**Brief**
Among the lines below, which ones contain the word "Room"? Copy every such line.

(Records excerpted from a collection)

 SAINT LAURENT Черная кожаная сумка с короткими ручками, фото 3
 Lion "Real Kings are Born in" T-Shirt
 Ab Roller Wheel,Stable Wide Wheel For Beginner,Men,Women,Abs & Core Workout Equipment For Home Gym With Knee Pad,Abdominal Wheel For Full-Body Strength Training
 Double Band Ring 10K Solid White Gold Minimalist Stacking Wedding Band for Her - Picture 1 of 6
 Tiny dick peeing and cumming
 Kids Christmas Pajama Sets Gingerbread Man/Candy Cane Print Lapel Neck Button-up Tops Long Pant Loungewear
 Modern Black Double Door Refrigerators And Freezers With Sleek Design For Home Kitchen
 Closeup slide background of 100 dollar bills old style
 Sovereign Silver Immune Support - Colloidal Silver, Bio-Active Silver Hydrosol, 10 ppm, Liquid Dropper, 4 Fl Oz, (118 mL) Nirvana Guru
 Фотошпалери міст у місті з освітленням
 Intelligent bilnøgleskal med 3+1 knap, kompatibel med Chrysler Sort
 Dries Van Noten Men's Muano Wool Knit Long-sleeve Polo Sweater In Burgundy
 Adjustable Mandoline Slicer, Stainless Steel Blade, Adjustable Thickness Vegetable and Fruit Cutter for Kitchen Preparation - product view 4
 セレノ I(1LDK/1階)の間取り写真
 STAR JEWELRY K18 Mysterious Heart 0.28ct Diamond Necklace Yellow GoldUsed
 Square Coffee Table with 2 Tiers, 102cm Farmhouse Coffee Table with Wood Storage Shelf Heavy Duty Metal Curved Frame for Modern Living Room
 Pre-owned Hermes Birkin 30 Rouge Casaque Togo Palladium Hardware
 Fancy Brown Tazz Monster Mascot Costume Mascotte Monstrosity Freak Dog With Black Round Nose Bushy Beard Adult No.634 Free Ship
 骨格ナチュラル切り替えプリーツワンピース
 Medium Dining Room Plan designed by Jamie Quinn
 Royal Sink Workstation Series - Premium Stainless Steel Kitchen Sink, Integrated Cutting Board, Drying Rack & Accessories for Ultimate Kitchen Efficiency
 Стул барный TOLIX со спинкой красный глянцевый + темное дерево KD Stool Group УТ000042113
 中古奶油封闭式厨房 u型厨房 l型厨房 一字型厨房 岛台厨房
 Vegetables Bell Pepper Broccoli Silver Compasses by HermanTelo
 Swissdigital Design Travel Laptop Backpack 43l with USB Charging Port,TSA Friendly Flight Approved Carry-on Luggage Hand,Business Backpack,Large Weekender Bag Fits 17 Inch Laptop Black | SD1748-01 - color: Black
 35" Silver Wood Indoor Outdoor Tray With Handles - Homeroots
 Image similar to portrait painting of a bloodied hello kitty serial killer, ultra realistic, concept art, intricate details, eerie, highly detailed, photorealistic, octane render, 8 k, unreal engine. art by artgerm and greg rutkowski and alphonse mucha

**Solution to the problem**
 Square Coffee Table with 2 Tiers, 102cm Farmhouse Coffee Table with Wood Storage Shelf Heavy Duty Metal Curved Frame for Modern Living Room
 Medium Dining Room Plan designed by Jamie Quinn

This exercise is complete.